Enjoy the story, and hope that nasty skin condition clears up soon!

Best Wishes,
Ima Writer


I was so clueless when I turned pro that I thought you had to ask the publisher's permission to sign your own books (because otherwise you're defacing their property, or at least that's how I'd worked it out in my head.) I bet the editor is still laughing over that e-mail.

Some writers are great signers. Their handwriting is gorgeous, and/or they write personal notes that are as wonderful to read as their stories. A few of the artistic authors out there like Poppy Z. Brite and Stuart MacBride sometimes draw sketches in their books, which makes them instant, one-of-a-kind treasures.

Some serious book collectors prefer name-only autographed books, or what Stephen King called flatsigned editions. This is when the author signs just their name directly on a page, usually the title page. I rarely flatsign books because it seems a little impersonal to me, but there are web sites out there now like this one where you can buy them.

What most interests me is what an author puts above their signature as a sign-off phrase. "Best Wishes" is the most common, and I still use that myself. I try to use different sign-offs for each pseudonym, i.e. Blessings, Rebecca Kelly and Best Wishes, S.L. Viehl.
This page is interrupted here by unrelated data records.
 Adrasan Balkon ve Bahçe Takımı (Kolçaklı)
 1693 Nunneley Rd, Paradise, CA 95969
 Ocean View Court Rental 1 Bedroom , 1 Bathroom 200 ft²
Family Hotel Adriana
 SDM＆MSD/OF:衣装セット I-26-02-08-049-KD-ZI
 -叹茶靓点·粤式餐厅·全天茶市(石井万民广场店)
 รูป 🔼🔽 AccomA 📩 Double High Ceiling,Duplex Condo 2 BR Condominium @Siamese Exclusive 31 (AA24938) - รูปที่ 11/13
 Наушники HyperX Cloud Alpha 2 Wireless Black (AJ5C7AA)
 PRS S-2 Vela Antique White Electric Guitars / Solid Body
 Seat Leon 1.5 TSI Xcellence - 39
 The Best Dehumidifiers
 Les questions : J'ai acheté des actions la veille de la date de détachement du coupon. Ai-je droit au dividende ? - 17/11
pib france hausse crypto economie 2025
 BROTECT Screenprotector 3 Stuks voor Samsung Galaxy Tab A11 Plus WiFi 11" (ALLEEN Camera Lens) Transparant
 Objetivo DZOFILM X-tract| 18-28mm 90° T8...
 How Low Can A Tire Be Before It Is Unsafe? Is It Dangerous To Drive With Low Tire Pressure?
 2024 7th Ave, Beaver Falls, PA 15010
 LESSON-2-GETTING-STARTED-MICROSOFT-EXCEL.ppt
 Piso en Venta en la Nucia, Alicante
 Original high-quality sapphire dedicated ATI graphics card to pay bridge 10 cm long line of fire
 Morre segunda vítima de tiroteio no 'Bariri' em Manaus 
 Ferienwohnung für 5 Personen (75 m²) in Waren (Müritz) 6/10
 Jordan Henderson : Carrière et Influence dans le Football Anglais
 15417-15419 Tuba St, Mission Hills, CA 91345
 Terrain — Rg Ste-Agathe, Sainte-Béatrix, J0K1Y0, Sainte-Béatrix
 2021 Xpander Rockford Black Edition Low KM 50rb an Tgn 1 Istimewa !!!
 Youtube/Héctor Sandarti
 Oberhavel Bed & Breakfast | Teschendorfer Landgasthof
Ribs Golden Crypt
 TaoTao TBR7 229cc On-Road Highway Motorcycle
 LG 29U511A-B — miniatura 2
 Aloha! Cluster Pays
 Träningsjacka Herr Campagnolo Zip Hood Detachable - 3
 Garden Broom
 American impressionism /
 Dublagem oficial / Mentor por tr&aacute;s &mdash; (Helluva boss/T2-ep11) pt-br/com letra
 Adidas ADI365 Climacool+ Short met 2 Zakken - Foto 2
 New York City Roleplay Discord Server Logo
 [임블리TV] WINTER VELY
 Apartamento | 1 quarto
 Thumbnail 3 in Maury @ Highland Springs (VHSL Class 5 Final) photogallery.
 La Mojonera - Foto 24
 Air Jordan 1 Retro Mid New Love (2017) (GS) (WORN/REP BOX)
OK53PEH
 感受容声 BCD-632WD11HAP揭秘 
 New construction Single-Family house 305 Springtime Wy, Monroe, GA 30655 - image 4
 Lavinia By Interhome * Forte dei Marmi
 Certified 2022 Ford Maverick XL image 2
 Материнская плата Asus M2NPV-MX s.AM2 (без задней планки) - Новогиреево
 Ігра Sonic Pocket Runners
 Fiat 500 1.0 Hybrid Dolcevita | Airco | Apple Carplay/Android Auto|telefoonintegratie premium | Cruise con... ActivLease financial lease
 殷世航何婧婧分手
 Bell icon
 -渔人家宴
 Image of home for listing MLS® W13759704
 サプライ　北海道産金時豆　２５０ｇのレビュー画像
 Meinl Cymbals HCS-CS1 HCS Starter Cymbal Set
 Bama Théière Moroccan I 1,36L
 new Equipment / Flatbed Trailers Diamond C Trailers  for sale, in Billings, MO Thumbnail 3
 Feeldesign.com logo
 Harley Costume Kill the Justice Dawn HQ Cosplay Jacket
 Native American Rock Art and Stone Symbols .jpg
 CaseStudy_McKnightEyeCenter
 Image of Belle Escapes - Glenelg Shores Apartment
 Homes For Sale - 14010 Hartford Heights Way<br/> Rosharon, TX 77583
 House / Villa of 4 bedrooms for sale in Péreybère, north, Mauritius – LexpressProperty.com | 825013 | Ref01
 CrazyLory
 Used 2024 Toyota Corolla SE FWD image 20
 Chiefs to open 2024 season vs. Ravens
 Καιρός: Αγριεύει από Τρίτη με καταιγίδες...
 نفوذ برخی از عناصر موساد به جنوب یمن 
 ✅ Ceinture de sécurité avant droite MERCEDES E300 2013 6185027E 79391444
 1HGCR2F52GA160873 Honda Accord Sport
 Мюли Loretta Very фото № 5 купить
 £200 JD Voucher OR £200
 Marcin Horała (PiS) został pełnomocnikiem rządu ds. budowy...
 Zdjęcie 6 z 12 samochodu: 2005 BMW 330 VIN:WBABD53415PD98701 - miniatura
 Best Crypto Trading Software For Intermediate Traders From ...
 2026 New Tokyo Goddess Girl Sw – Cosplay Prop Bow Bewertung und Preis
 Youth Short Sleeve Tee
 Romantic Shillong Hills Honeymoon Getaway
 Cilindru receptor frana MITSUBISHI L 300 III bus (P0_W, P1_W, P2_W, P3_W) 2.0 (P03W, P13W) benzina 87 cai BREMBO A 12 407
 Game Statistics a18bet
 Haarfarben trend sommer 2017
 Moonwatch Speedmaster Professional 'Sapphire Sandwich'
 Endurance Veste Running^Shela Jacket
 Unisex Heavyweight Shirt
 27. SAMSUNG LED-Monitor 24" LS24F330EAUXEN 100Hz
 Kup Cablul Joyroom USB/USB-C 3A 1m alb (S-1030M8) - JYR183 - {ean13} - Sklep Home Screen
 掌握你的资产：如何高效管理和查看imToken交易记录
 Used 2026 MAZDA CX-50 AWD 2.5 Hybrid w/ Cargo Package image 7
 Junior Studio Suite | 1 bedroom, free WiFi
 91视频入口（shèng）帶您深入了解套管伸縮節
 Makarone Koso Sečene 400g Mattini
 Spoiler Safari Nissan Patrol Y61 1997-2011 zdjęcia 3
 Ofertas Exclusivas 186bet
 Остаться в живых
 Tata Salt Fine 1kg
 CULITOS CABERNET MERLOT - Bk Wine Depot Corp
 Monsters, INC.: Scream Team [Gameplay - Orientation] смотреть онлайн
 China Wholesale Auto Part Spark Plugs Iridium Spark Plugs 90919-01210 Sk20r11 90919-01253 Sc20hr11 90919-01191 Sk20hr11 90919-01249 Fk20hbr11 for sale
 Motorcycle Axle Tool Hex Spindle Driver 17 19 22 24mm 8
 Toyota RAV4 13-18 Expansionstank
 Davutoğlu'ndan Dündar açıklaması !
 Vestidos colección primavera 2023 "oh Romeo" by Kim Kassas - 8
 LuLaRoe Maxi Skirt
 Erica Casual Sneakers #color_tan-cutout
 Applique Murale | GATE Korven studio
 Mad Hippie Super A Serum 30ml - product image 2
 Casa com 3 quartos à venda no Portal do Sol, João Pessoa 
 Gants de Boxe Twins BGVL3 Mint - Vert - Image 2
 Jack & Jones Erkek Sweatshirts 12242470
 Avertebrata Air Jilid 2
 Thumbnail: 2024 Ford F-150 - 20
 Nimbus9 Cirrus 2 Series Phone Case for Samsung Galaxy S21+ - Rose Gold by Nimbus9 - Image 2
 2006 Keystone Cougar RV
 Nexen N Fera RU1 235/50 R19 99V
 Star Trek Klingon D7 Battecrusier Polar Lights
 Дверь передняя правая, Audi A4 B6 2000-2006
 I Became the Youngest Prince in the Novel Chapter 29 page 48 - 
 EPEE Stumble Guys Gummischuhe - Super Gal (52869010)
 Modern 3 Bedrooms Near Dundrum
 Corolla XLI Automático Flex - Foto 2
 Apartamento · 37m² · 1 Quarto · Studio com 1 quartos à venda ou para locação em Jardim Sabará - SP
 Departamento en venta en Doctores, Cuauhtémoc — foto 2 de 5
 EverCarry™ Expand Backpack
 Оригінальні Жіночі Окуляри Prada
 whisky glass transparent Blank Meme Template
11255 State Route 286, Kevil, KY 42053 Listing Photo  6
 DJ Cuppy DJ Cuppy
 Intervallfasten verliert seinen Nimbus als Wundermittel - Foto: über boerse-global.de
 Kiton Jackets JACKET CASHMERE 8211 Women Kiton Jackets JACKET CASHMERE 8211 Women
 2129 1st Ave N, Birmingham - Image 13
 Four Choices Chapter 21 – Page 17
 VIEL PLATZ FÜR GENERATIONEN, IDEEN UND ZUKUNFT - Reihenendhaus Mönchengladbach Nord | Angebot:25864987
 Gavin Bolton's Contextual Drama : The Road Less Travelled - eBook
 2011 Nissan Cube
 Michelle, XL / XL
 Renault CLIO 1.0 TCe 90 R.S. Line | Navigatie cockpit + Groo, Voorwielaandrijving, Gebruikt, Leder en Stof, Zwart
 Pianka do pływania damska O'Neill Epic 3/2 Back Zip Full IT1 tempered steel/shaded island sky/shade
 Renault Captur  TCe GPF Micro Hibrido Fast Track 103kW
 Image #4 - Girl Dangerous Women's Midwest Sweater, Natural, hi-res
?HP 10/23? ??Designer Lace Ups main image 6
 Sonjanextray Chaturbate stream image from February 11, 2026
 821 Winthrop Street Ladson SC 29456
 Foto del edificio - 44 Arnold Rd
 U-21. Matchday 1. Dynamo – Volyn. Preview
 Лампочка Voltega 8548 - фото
When I branched out into vampire fiction, I wanted something different that tied into the series, which is when I came up with Always, Lynn Viehl as a sign-off.

Readers, who are some of your favorite signers, and writers, how are you going to sign your books? Let us know in comments.

31 comments:

  1. I've pretty much settled on writing the person's name (always ask how to spell it!), then just, "Enjoy!", and my signature.

    I can't take the pressure of being clever each and every time!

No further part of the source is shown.